*** Listed entries Section Begins ***

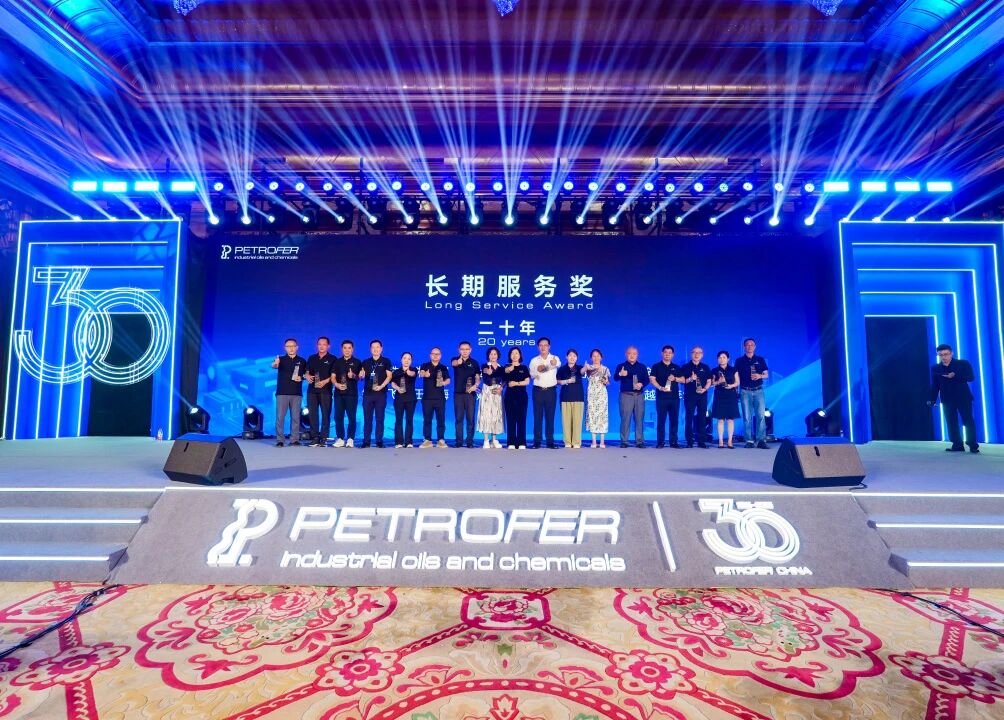 yp街机·电子游戏(中国)最新官网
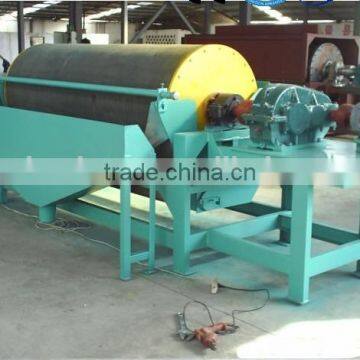 Magnetic Seperator Price Top Brand With 1 Year Guarantee photo-5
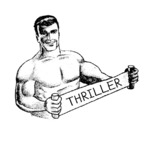 Profile picture of thriller_19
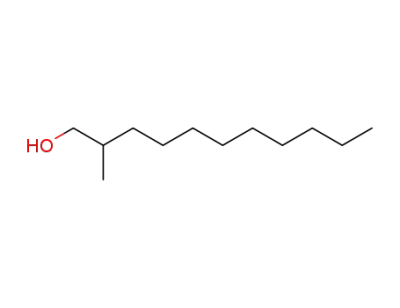 10522-26-6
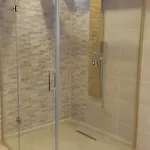 Cesmevillatuna וילה Çeşme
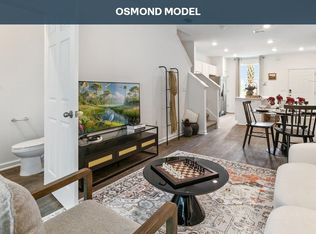 121 Ayamonte Rd, Saint Augustine, FL 32084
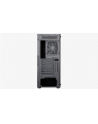 Aerocool Beam G-BK-v1 Kolor: CZARNY ATX - ACCM-PV37013.11 - nr 31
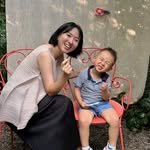 inwoomom.somin 프로필 사진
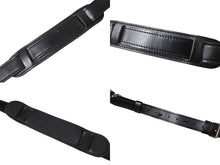 画像をギャラリービューアに読み込む, LOUIS VUITTON ルイヴィトン キーポルバンドリエール55 ボストンバッグ N41413 ダミエグラフィット キャンバス ブラック 良品 中古 66623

*** Listed entries Section Ends ***

Begin at the line containing "121 Ayamonte Rd, Saint Augustine, FL 32084" and stop at the final line of the data. Retype those lines exactly, without the pictures.

#### Output of the exercise:
 121 Ayamonte Rd, Saint Augustine, FL 32084
 Aerocool Beam G-BK-v1 Kolor: CZARNY ATX - ACCM-PV37013.11 - nr 31
 inwoomom.somin 프로필 사진
 画像をギャラリービューアに読み込む, LOUIS VUITTON ルイヴィトン キーポルバンドリエール55 ボストンバッグ N41413 ダミエグラフィット キャンバス ブラック 良品 中古 66623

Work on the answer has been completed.